What better way to delight your customer than with a price they are comfortable paying? A data-driven approach to pricing will help satisfy customers, give you a way to measurably manage customer experience, and boost your bottom line.
52% of the Fortune 500 companies have disappeared since 2000 and technological disruption is one of the biggest contributing factors. Digital innovation is shaking up business and there’s no better example of this than in rising customer experience (CX) expectations. Convenient, personalized experiences must be the norm for any organization to remain relevant, let alone succeed, and price is an important part.
We first saw rising CX demands in the B2C space and today, business buyers have brought their consumer buying preferences to their professional relationships. In new research from Salesforce, the State of the Connected Customer, we see that 73% of business buyers say their standards for good experiences are higher than ever. Further, 67% of business buyers have switched vendors for a more consumer-like experience.
With growing demand for better CX, businesses of all sizes across every industry are scrambling to make improvements. They’re making innovative, more user-friendly changes in where they do business – from the brick and mortar storefronts to their websites; they’re training up their staff to be more responsive; they’re introducing creative new ways in which they communicate across the buying cycle and of course, they’re personalizing their offers.
Pricing – A Great Example of CX Innovation
Another good example of CX innovation should be found within your pricing function. What better way to delight your customer than with a price they are comfortable paying? A data-driven approach to pricing will not only help satisfy customers, it will also give you a way to measurably manage CX and boost your bottom line. The right price for the right product at the right time will work wonders on your CX and, because a 1% improvement in price can lead to more than 7% increase in profits, the move will grow your margin at the same time.

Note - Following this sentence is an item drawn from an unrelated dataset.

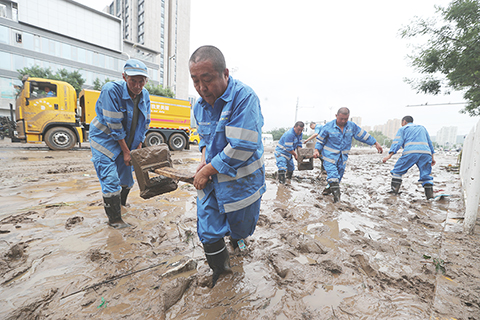 ◎ 八月一日,北京市門頭溝區,北京環衛集團的工人在馮石環路上開展清淤作業。圖為工人從淤泥中搬出隔離護欄,便於大型機械開展作業。(中新社記者 賈天勇 攝)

But where do you start? Fortunately, even small changes in your pricing process can influence your CX perceptions in the four areas that matter most: your products, the company brand, your employees and, of course, your customers.
When it comes to price, one size does not fit all. Customers have different needs and therefore assign varying levels of value to your product/service. Segmenting according to such groups as industry and region and understanding their willingness to pay will get you most of the way there. If you are still operating off of one basic price list, it’s time to meet your customers where they are on price rather than leaning on your sales team to ‘discount as needed’ to get deals done and sacrifice profitability.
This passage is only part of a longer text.